**ASSIGNED TASK:**
Starting at the line that contains "Cardboard, the unsung" in the listing below, write out every line word for word until you have written the line that contains "You can leave".

**DATA EXTRACTS:**
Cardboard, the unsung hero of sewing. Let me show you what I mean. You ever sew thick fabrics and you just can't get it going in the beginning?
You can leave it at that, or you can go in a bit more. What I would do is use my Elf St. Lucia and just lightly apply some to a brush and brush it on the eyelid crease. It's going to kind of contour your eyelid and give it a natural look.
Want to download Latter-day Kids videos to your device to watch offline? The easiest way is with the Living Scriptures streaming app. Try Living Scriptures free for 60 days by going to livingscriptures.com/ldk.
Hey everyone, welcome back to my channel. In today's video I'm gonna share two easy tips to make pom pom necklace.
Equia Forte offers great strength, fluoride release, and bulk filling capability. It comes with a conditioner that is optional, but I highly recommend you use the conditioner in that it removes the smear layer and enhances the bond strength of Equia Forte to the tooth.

---

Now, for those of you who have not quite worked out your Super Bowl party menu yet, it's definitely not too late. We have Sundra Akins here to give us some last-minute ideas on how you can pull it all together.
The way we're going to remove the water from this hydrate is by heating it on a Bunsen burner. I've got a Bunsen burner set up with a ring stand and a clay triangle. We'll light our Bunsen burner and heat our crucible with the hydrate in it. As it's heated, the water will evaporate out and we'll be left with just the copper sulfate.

**RESULT OF THIS TASK:**
Cardboard, the unsung hero of sewing. Let me show you what I mean. You ever sew thick fabrics and you just can't get it going in the beginning?
You can leave it at that, or you can go in a bit more. What I would do is use my Elf St. Lucia and just lightly apply some to a brush and brush it on the eyelid crease. It's going to kind of contour your eyelid and give it a natural look.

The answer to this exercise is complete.